Similarly, the offence of damaging property by joint commission is problematic. The damage was quite likely done to the property of a corporate entity, as would appear from the fact that it was a Kingsley's Chicken store. It is possible that the operator is not a corporate entity, but there is no evidence either way.
While it might be inferred from R v Wyatt [2017] ACTSC 87 at [17] that a corporate entity can be an eligible victim, s 17 of the Crimes (Restorative Justice) Act 2004 (ACT) seems to suggest that the Act is only directed towards individual human beings as victims. For example, while a substitute victim is available for a child victim (s 17(2)), there is no indication of whether a person, as a representative, is acceptable for a corporate entity and, if so, who it might be.
That would similarly apply to the offences of aggravated burglary, the minor theft by joint commission and the trespass offences. It may apply to the offence of aggravated burglary by joint commission, for that was also a business and, while it was of a coffee shop that might been owned by an individual, there is no evidence about that.

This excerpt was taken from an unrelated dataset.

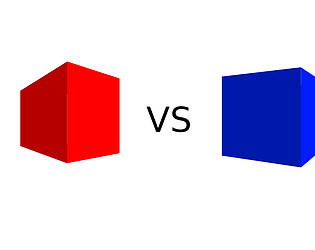 Red Vs Blue
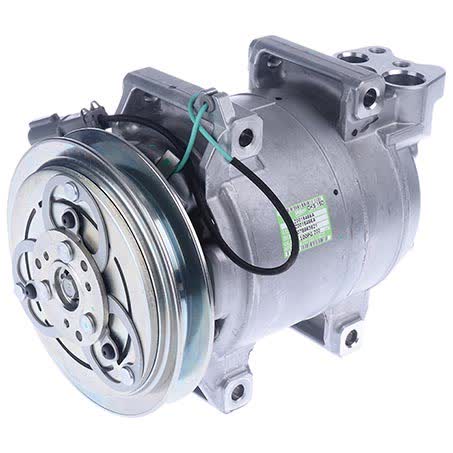 Valeo Air Conditioning Compressor 24V Direct Mount DKS15D 815034 AIR CONDITIONING COMPRESSOR VALEO - Micks Gone Bush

That leaves the two offences of minor theft, namely, that of the registration plates and of the property, including cash and a bankcard, found in the Honda Jazz motor vehicle and the offence of dishonestly riding in that motor vehicle without consent.
The son of the owner of that vehicle provided a victim impact statement. A referral will be made for restorative justice for these offences and for the further offence of dishonestly driving a motor vehicle without consent, referred to below, though that may not be able to be done. That referral may not be effective, or able to be progressed, for some time. The victim himself might be too frail to participate, but that is not a decision to be made by the Court.
Ms Duffy submitted that there were a number of positive aspects of the conduct displayed by Mr Winters at Canberra Recovery Services, despite the lapse, which were consistent with his clearly expressed wish to rehabilitate when interviewed for the Drug and Alcohol Treatment Assessment (Suitability Assessments): see s 46J of the Sentencing Act.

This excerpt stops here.